彼の私生活は、作曲・演奏活動とは違い、かなりの波乱がありました。シュミットの妻カロリーネは、少しずつ精神に異常をきたし始め、1919年に精神病院に入院することになります。シュミットは1922年、彼女と離婚しています。また、学生時代に付き合っていたエラとの間にはルートヴィヒ・ツィルナー(1906-1971)という息子がいました。ルートヴィヒは、エラが結婚したアレクサンザー・ツィルナーに引き取られ育ち、何と音楽院で父親からチェロ、ピアノ、作曲を学んでいます。当時はシュミットが父親だとは知らされておらず、真相を知ったのは1961年だとか。彼はアメリカで音楽の教鞭をとっています。娘のエマとカロリーネのその後については、後でお話ししますね。
作曲する人のイラスト
1916年には、第2作目のオペラ「フレディグンディス」の作曲を開始、1921年に完成します。ベルリンでの初演は失敗に終わり、たった1回しか上演されませんでした。ウィーンでの上演も4回。それも予定されていた指揮者が変更になっての上演でした。
1920年からは音楽理論も担当するようになり、1923年、教え子だったマルガレーテ・ジラセク(1891–1964)と再婚。この頃ちょっと変わった依頼が舞い込みます。それは、第一次世界大戦で右手を失ったピアニストのパウル・ヴィトゲンシュタイン(1887-1961)からの依頼でした。彼は、左手だけで演奏できるピアノ曲を、当時の有名作曲家に依頼していたのでした。
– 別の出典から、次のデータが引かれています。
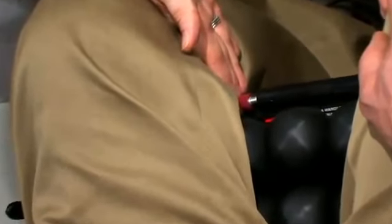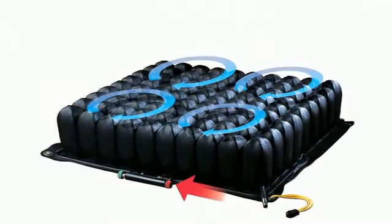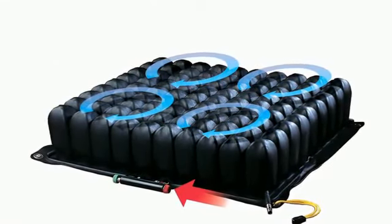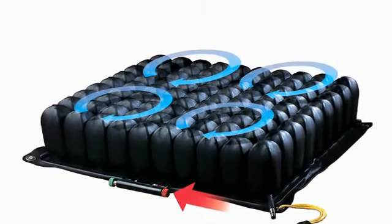When you lock the isoflow by pushing the red knob in, the air is then locked into the four quadrants. This means that the air in each quadrant is only able to travel within the few cells of that quadrant. The air no longer travels from left to right or front to back with client movements, providing inherently more stability and less air fluctuation.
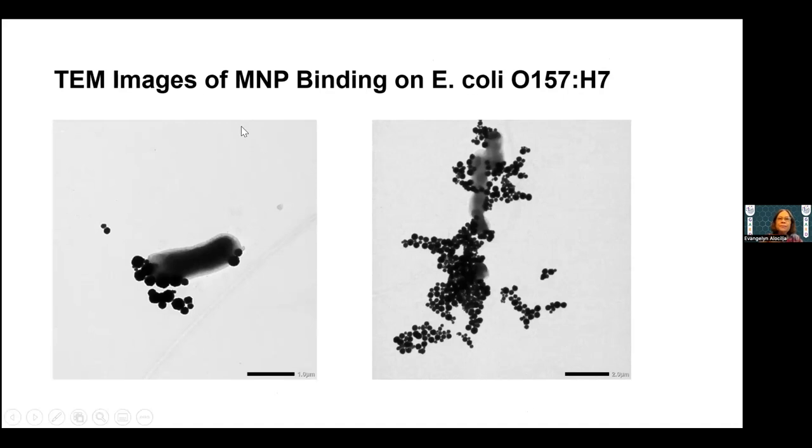These are TEM images of E. coli O15787. As I said, there are specific binding sites — the magnetic nanoparticles do not attach all over the surface. Some theory says it's charge-based, but we believe it's not only charge but also carbohydrate-protein or glycan-protein binding at the cell wall surface. You can see magnetic nanoparticles at the tip and bottom of the bacterium, and they attach very strongly to the flagella.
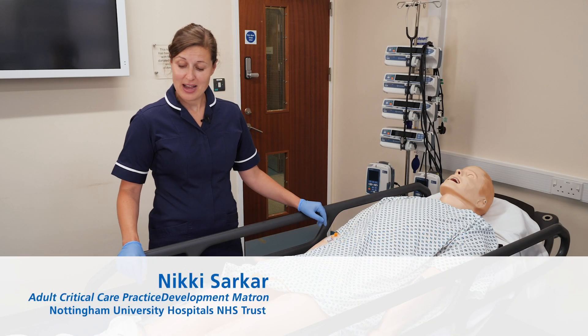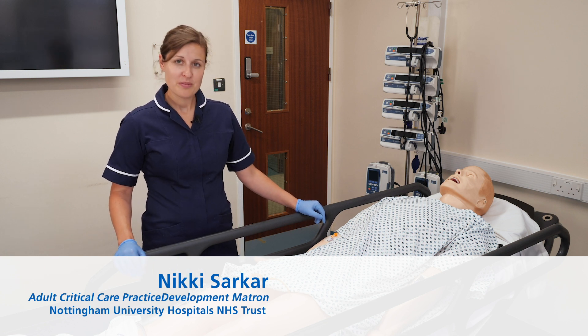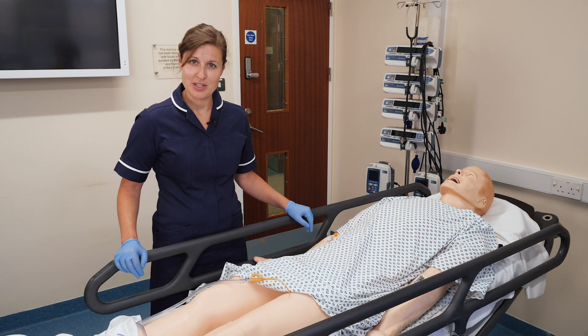Hi, I'm Nikki and I'm here to talk to you about securing urethral catheters to patients. Before we start, we make sure the patient's comfortable, we've explained the procedure to the patient beforehand, and we maintain patient privacy and dignity at all times.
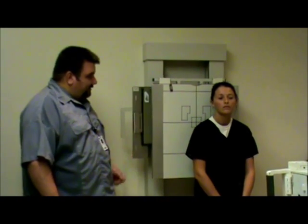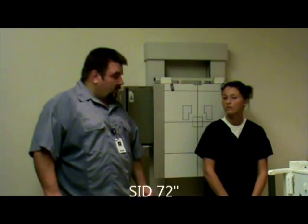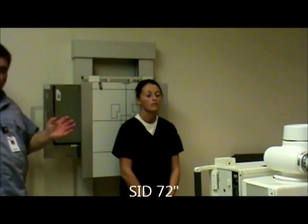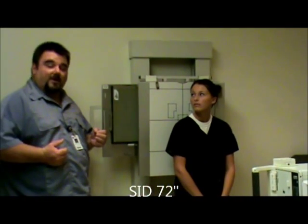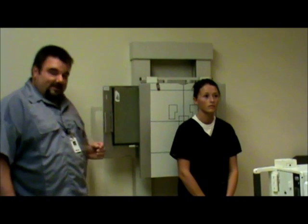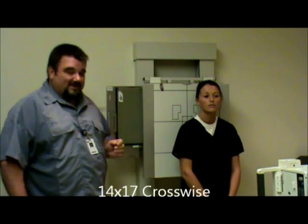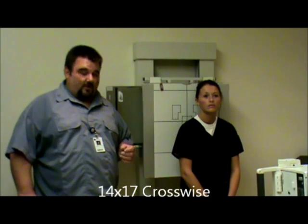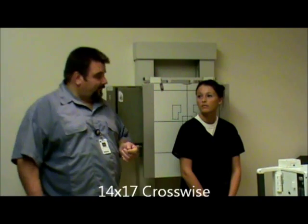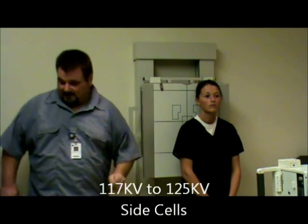Today we're going to be doing AC joints. The patient is going to be erect if possible. We're going to have a 72 inch SID. We're trying to include all the pertinent anatomy. This is a comparison x-ray — we're trying to see both AC joints on one film. Film size will be 14 by 17 crosswise. The technical factors will be 117 to 125, and we're using side cells. We are going to use both markers because we are doing this as a comparison x-ray.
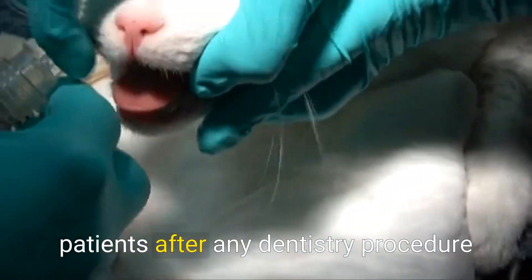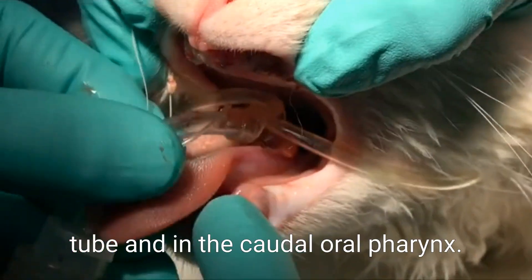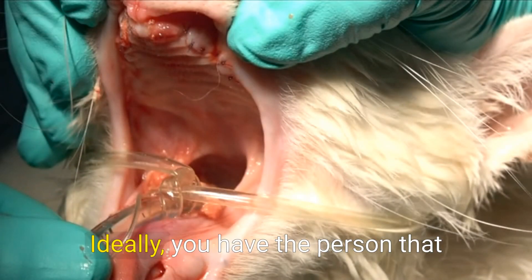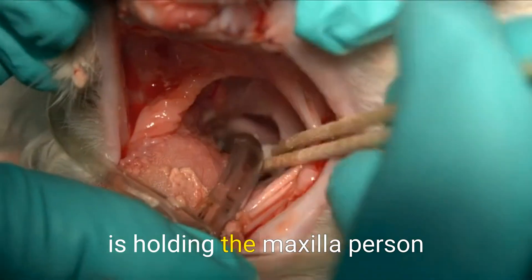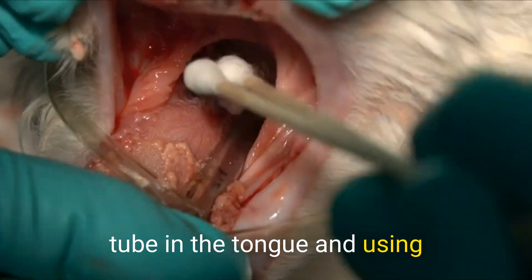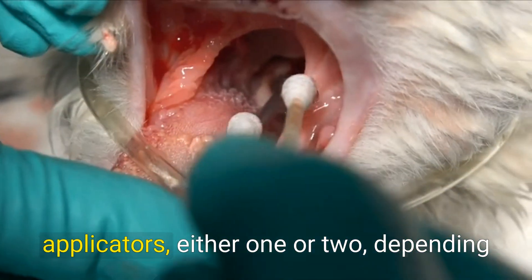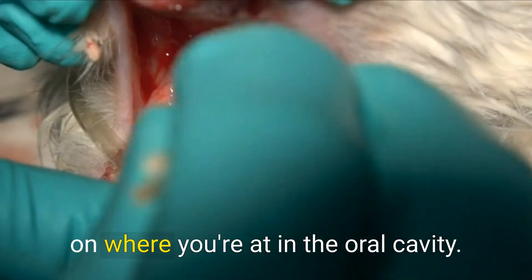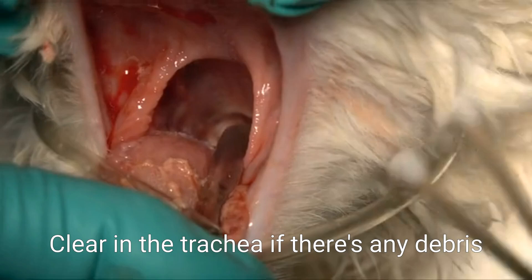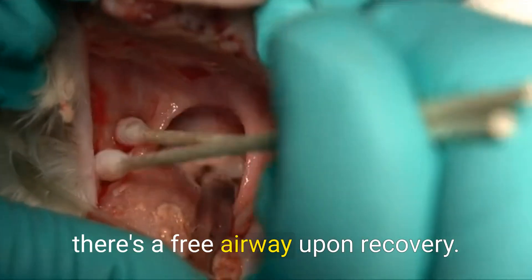One thing that we always do in our patients after any dentistry procedure is make sure that the airway is clear around that endotracheal tube and in the caudal oral pharynx. We position the patient in order to visualize that. Ideally, you have one person holding the maxilla, one person holding the endotracheal tube and tongue and using the cotton tip applicators, and someone else passing those applicators — one or two depending on where you're at in the oral cavity. This is absolutely critical: clear around the trachea, and clear in the trachea if there's any debris, to ensure a free airway upon recovery.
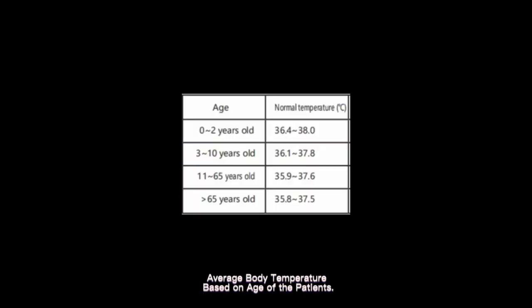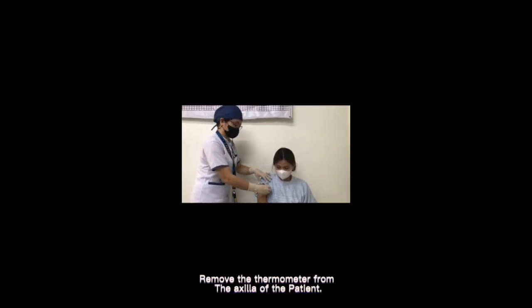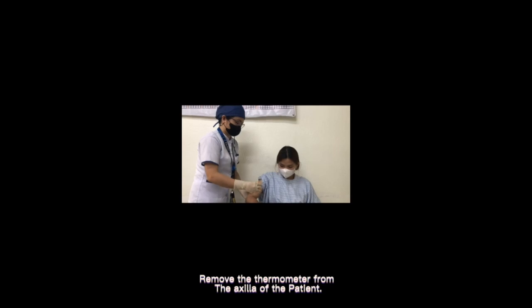Here is the average body temperature based on the age of the patients. Now remove the thermometer from the axilla of the patient.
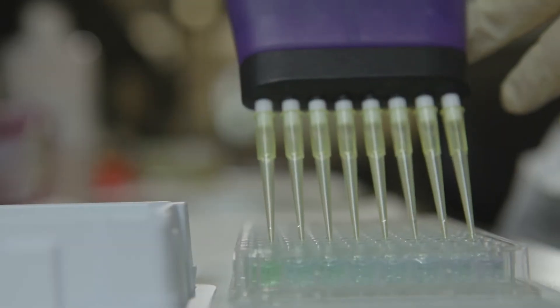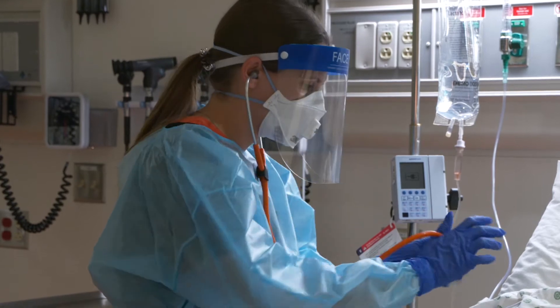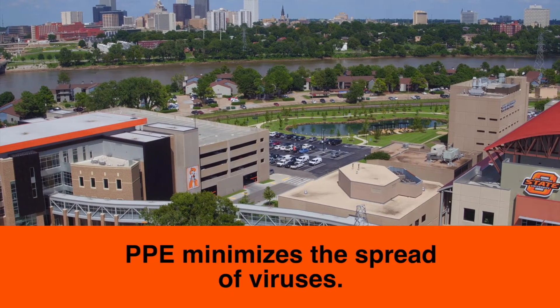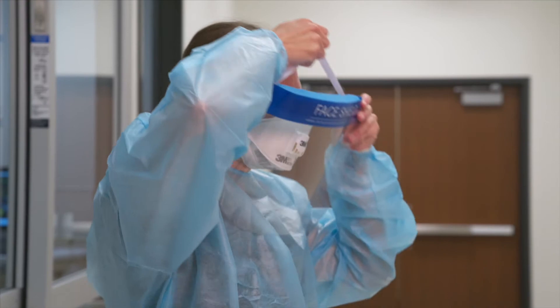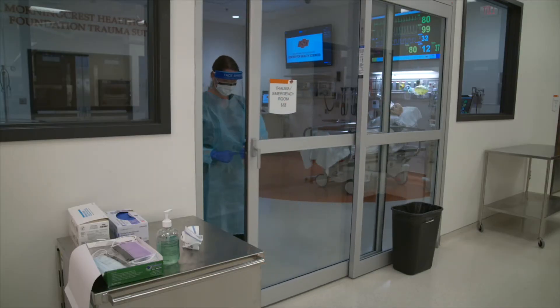Infectious diseases and personal protective equipment have both been around a long, long time. When properly worn and discarded, PPE minimizes the spread of disease like COVID-19. It's your personal responsibility to understand and practice these procedures to keep you and other health professionals and patients safe.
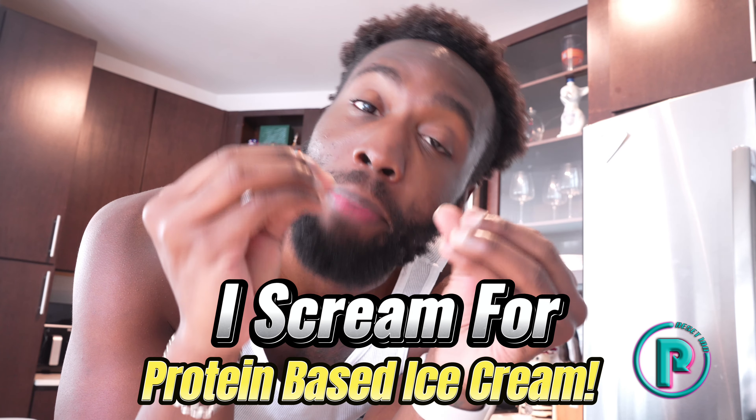What's good y'all. I'm Dr. Trehana and today we're gonna make some protein-based ice cream.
有名なのは、モーリス・ラヴェル(1875-1937)の「左手のためのピアノ協奏曲」ですね。シュミットもこれに応じ、左手ピアノと管弦楽のための「ベートーヴェンの主題による協奏変奏曲」「左手のためのピアノ協奏曲」「左手ピアノ五重奏曲」などを作曲しました。音楽院では1925年に校長に、1927年には学長に選出されます。しかし健康状態はあまりよくありませんでした。
この頃、シュミットが出演したコンサートのプログラムがあります。1920年12月2日、ウィーン楽友協会大ホールにおけるウィーン・トーンキュンストラー管弦楽団(某日本人が首席指揮者を務める「トーンキュンストラー管弦楽団」とは違います。こちらは本来ならば「ウィーン」は付きません。)のコンサートでベートーヴェンの「合唱幻想曲」を演奏しています。指揮は不世出の大指揮者ヴィルヘルム・フルトヴェングラー(1886-1954)でした。フルトヴェングラーは翌年ベルリン・フィルの常任指揮者に就任します。
コンサート画像
アメリカのコロンビア・レコードが企画し、シューベルト没後100年(1928年)を記念した作曲コンクール。シューベルトの精神を継いだ作品を、各国から代表作を出させて競うというものでした。そのオーストリア代表としてシュミットは交響曲第3番を作曲しました。コンクールはスウェーデンの作曲家、クット・アッテルベリ(1887-1974)の交響曲第6番が首席で、第2席にシュミットの交響曲第3番が入りました。賞金「一万ドル」にちなんで、アッテルベリの作品は通称「ドル交響曲」と呼ばれています。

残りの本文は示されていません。